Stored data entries
##############################
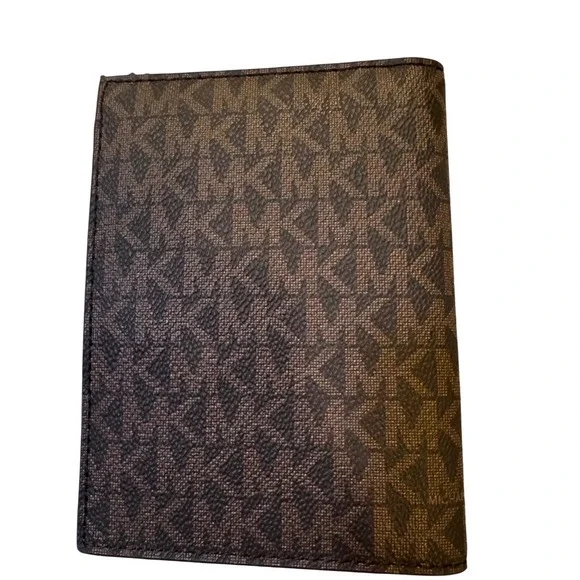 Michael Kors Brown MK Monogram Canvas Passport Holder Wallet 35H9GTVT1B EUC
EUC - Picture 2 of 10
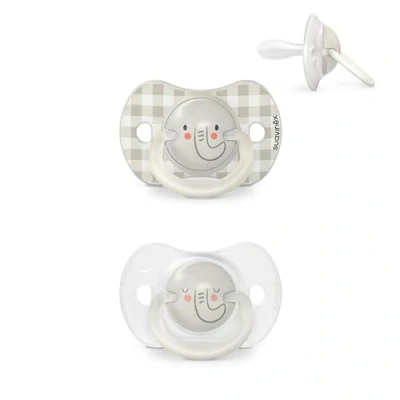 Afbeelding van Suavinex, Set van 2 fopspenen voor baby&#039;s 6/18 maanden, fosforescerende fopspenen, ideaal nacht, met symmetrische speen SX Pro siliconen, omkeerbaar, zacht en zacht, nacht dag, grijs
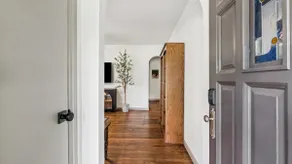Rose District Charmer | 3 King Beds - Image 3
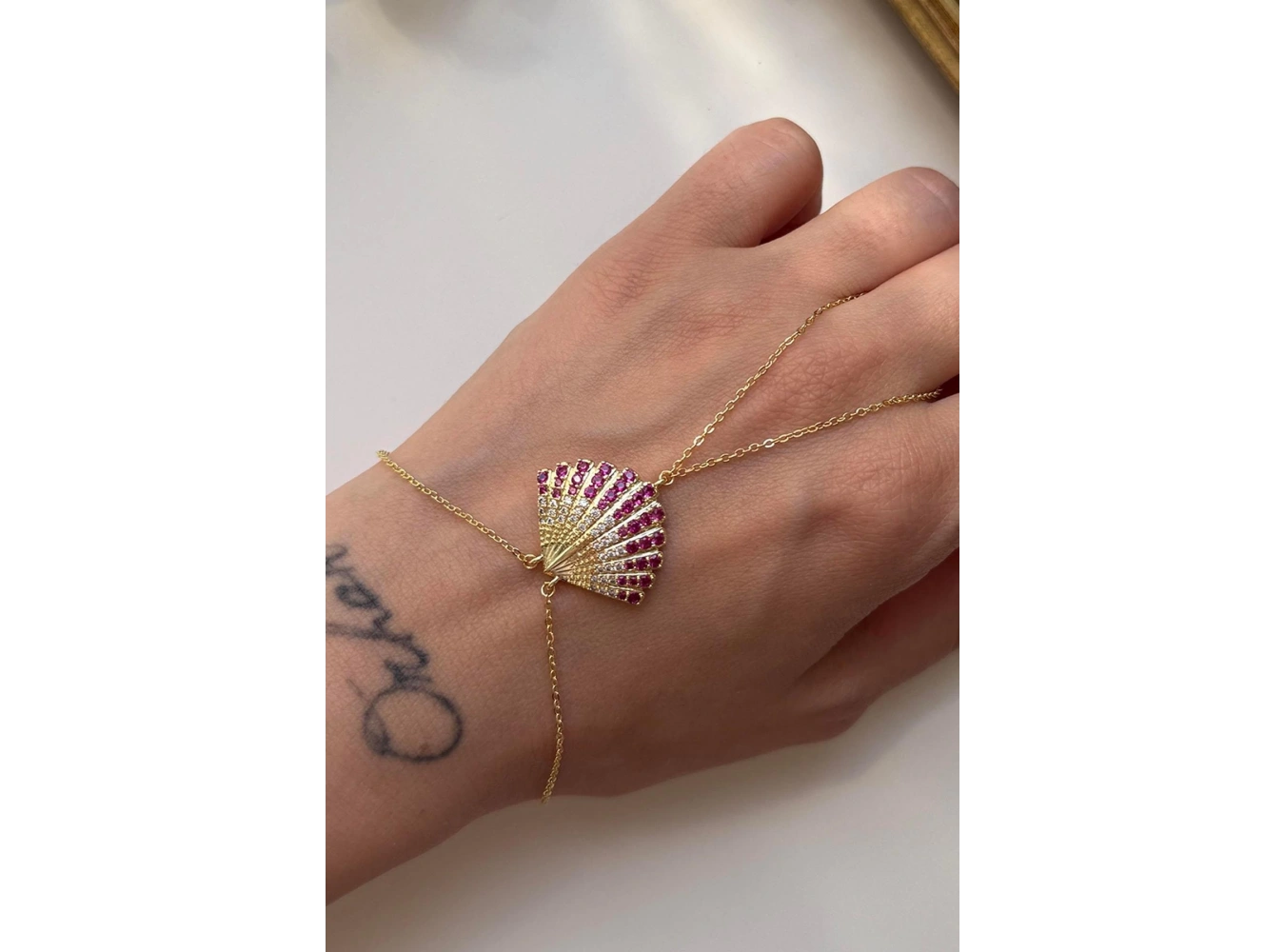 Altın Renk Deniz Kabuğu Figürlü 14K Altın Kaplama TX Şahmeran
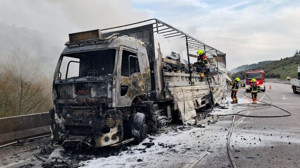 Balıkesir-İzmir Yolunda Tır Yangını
##############################
* The task *
Apart from the pictures, return the records exactly.

* Task result *
 Michael Kors Brown MK Monogram Canvas Passport Holder Wallet 35H9GTVT1B EUC
EUC - Picture 2 of 10
 Afbeelding van Suavinex, Set van 2 fopspenen voor baby&#039;s 6/18 maanden, fosforescerende fopspenen, ideaal nacht, met symmetrische speen SX Pro siliconen, omkeerbaar, zacht en zacht, nacht dag, grijs
Rose District Charmer | 3 King Beds - Image 3
 Altın Renk Deniz Kabuğu Figürlü 14K Altın Kaplama TX Şahmeran
 Balıkesir-İzmir Yolunda Tır Yangını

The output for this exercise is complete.